I work better as an admin person in the morning and a creative in the afternoon.
What does your design?
Nothing too specialist, but Photoshop and InDesign are used a lot, plus AutoCAD and SketchUp for quick 3D renders. And then specialist life cycle analysis tools as well, such as Open LCA.
Do you have any design hacks?
Know when you are creative! I’m an owl, so getting me to do anything creative before 12 is utterly pointless.
If you know how you work, you can work better and more efficiently. And turn off emails. They suck your attention and drain your focus.
Do you find it hard to define what you do to your friends?
Some days I have trouble defining what I do! I could be talking to a client about a single-use plastic reduction campaign in the morning, doing plans for an eco fit out of a shop in the afternoon and figuring out the logistics of how to recover end-of-life fishing nets from a port for melting down into new products last thing.
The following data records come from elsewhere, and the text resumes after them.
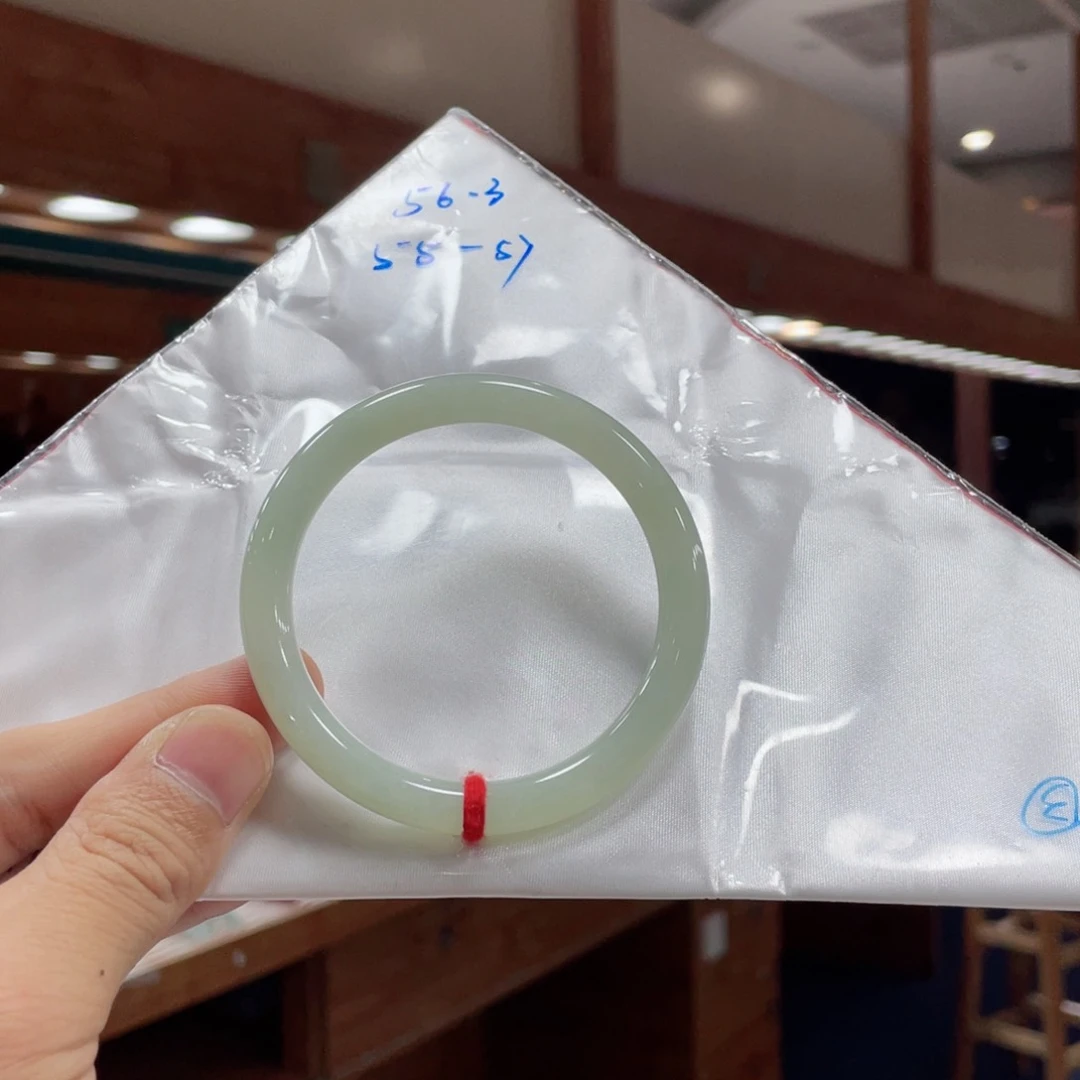 翡翠手镯未镶嵌买断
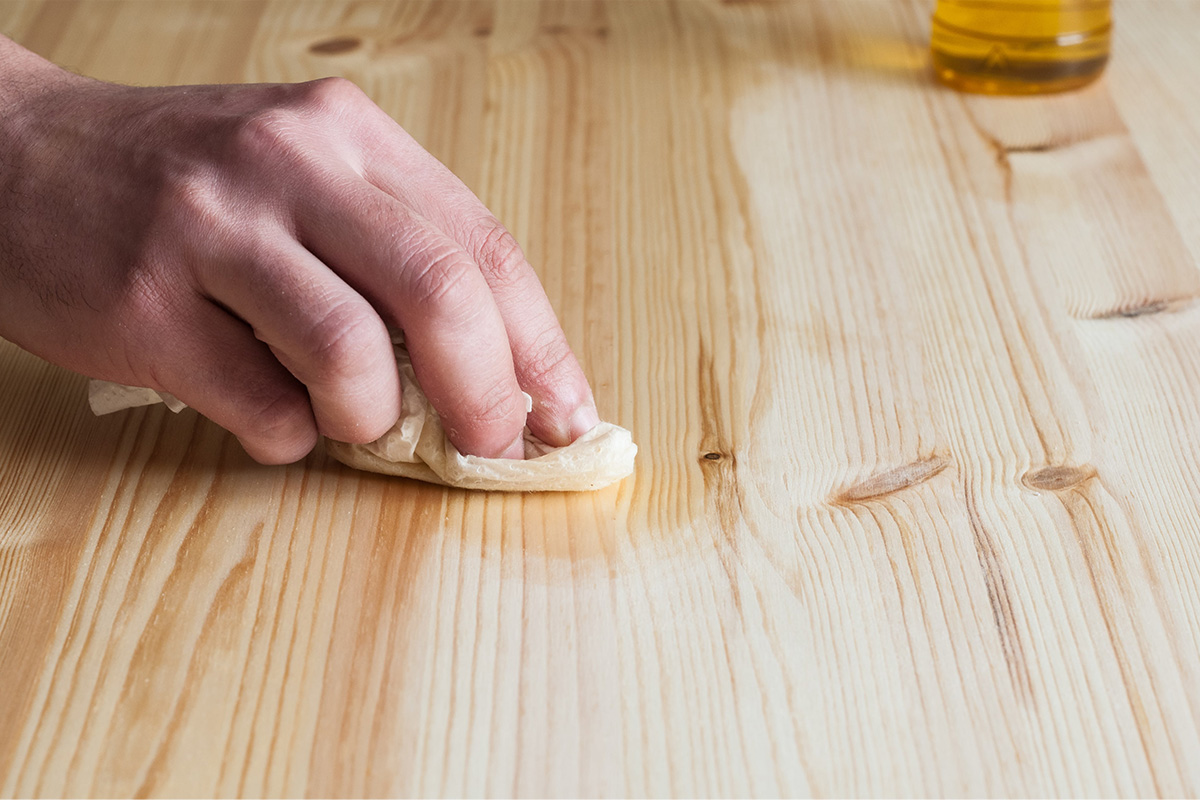 În câteva minute și cu 3 ingrediente: secretul bunicilor pentru a vă menține podelele din lemn impecabile ani de zile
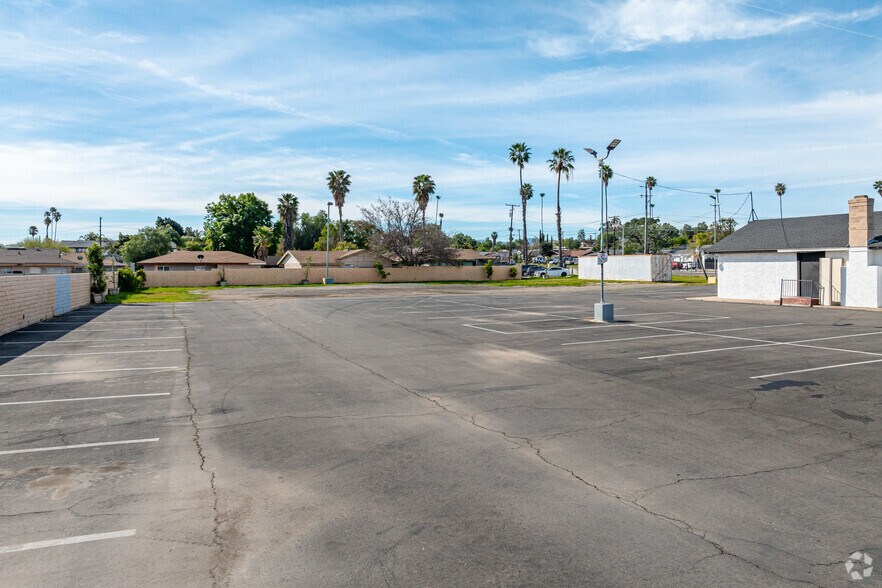 More Photos Of 10390 Arlington Ave, Riverside Land For Lease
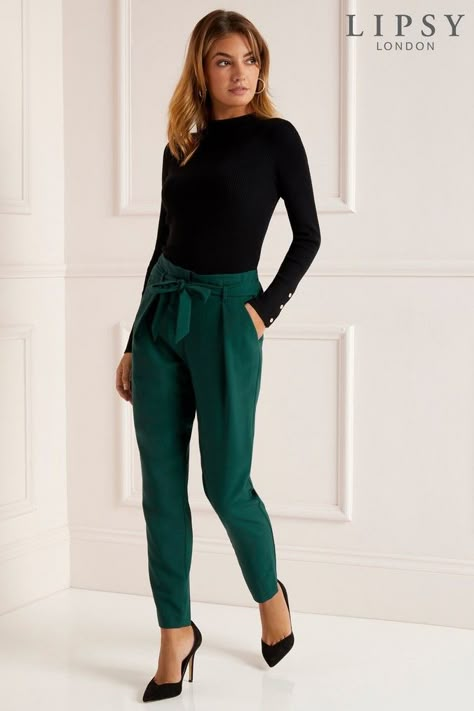 Green Tapered Pants Outfit, Green Formal Pants Outfit, Dark Green Slacks Outfit Women, Green Trousers Outfit, Slacks Outfit, Woman Trousers, Green Pants Outfit, Smart Closet, Dark Green Pants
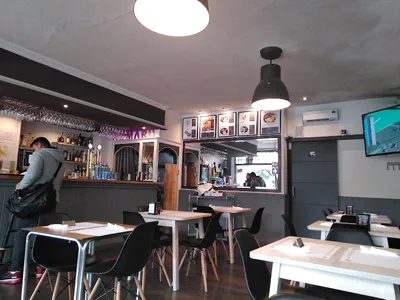 NuMaru (치킨 분식) - Asiatica in Santiago de Compostela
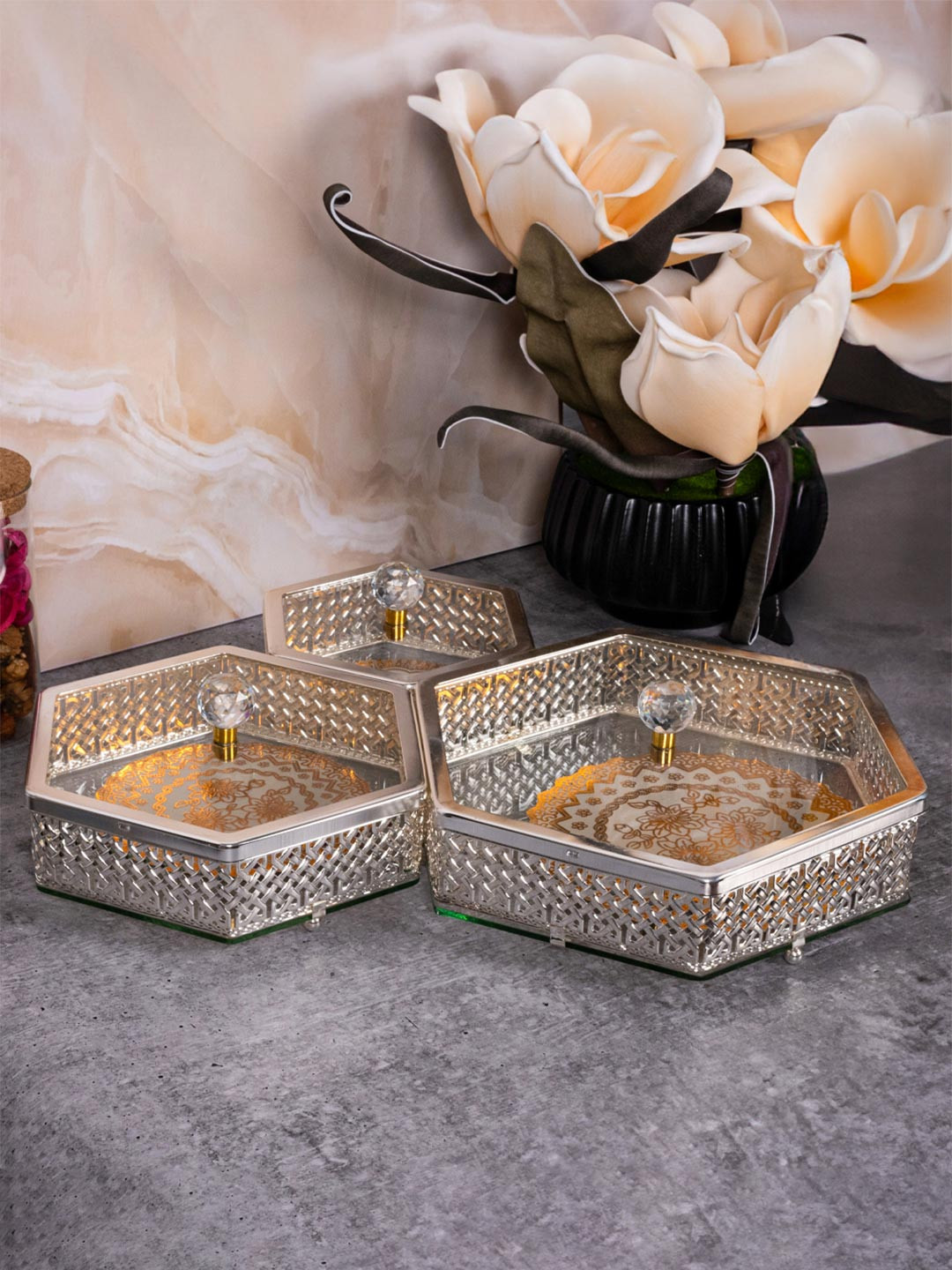 AARVI DECOR STUDIO Set of 3 Silver Transparent Glass Easy to Clean Box Container
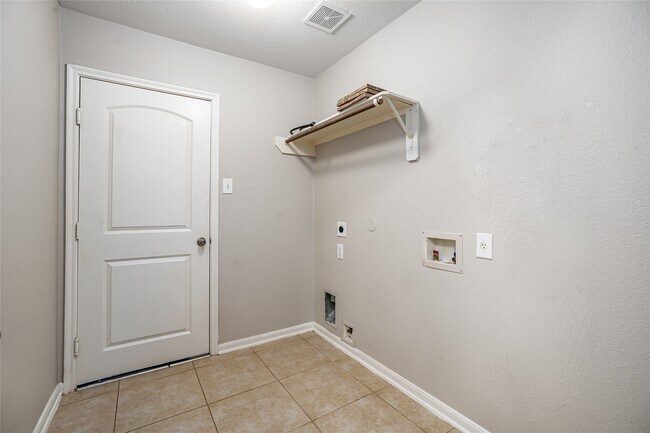 Building Photo - 2703 Domenico Ln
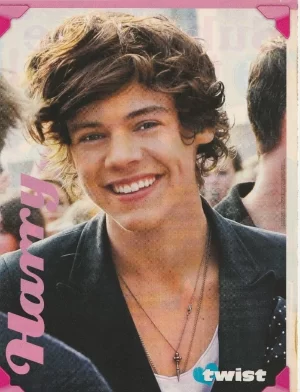 Harry Styles teen magazine pinup clipping Twist One Direction necklace smile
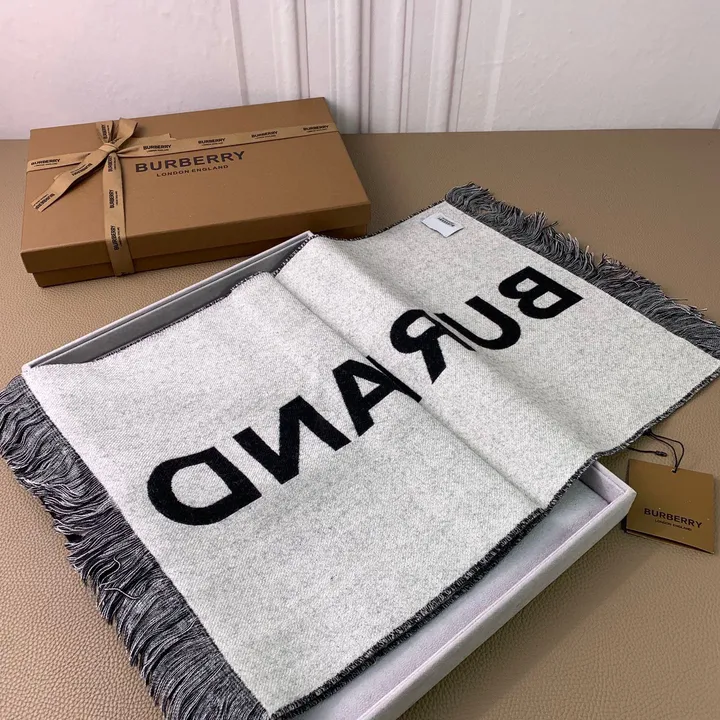 スーパーコピー セリーヌ マフラー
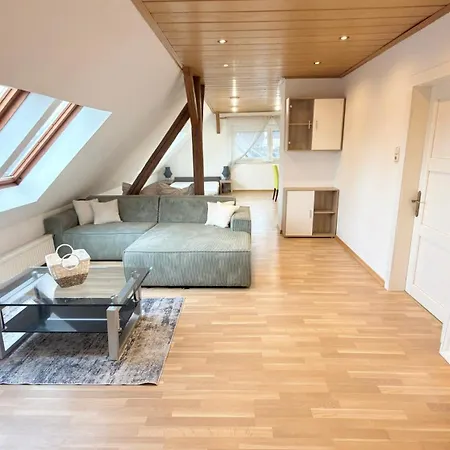 Grosszuegige - 1 Minute Zum Pferdezentrum Appartamento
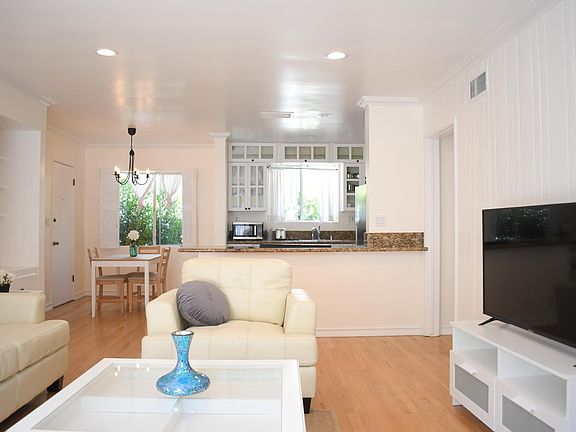 3rd image of 938 6th St APT 4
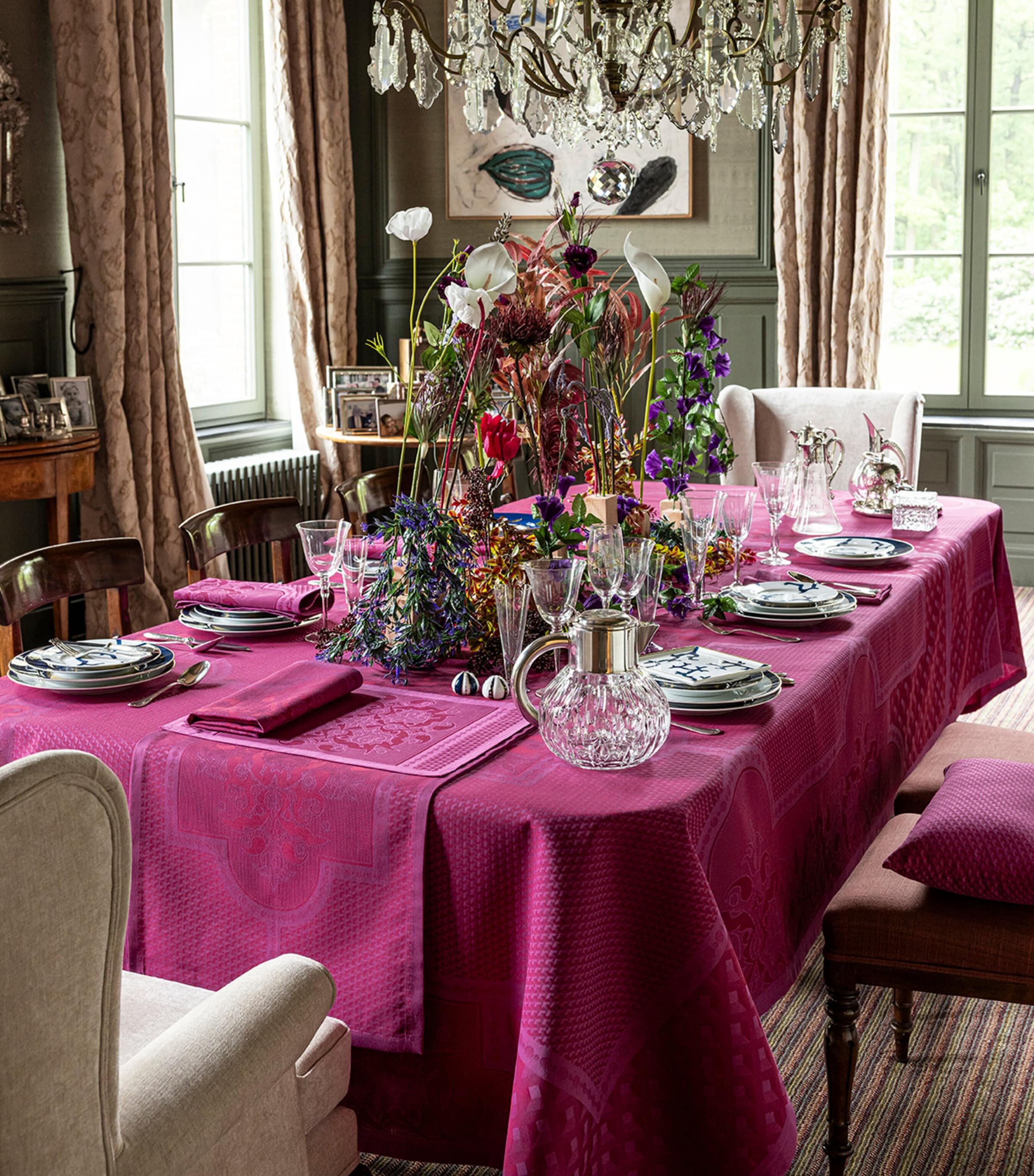 Palais Venitien Tablecloth (175cm x 320cm) PINK Image 3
Variety is the spice of life though.
Do your career aspirations encroach your life?
My life is my work and vice versa.
All my life ethics cross into my design ethics — as a circular economy designer, an aspiring minimalist, a single-use plastic activist — my personal life and design life are the same.
How do you design ‘for the future’?
For the studio, ‘designing for the future’ means considering so many factors — and these alter depending on the project we are working on. It may be designing a ‘thing’ to last the longest amount of time possible, or something that can be easily amended as the client’s life changes, or that uses an otherwise untapped waste stream from a different sector.
Circular Economy design is about efficiency — and something that is regenerative by design. And for us, as zero waste as possible and not designing for designs sake. We don’t need more ‘stuff’.
What was it that drew you into sustainable design?
For as long as I can remember, I’ve been completely obsessed with the natural world — and what we are doing to it as a species.
When it came to design, for me, there was just no other way that we should be doing things. I have an issue with the term sustainable design too — I think it should be just the way things are always designed.
We shouldn’t be separating it off into a sub-category in my opinion.
Will your studio evolving?
The work of the studio has changed significantly in the last couple of years. We are certainly working more as consultants to companies of all size who want to improve their offerings in line with circular economy practices.
We are using our design thinking skills and CE expertise as tools — and we can only see this increasing as resources get lower and our global‘business as usual’ models shift.
What advice would you give for those interested in designing for Circular Economy?
Really understand who you are designing for — and make sure you are designing the best possible thing in the best possible way, with the best possible processes, the least amounts of waste and that actually — people need the thing that you are creating.
Or as we say in the studio — Don’t create shit or shit people don’t need.
What is your advice to juniors?
I firmly believe there is a place for everyone. It is very hard to get started and find your place, but also, do not panic if you don’t know exactly what you want to do.
I look at everything the studio has done every year and do an edit — what did we love to do, what do we want to do more of… everything is in a state of flux.
Do you work on any side projects?
Plastic Free Pledge is a side project of the studio and grew very quickly from a local campaign to an international one, which is crazy but wonderful.
At the moment, we earn no money from PFP at all — and run it in our ‘spare’ studio time, but we wanted to create a movement that would create behaviour change, however small.
We all play a part.
I really enjoy how Claire takes a holistic, long term, approach to her design and product work. What’s more, the fact that the studio seek out efficient and sustainable methods of production is a fantastic way to approach any design problem. What do we already have, and how can we reuse this rather than creating something brand new?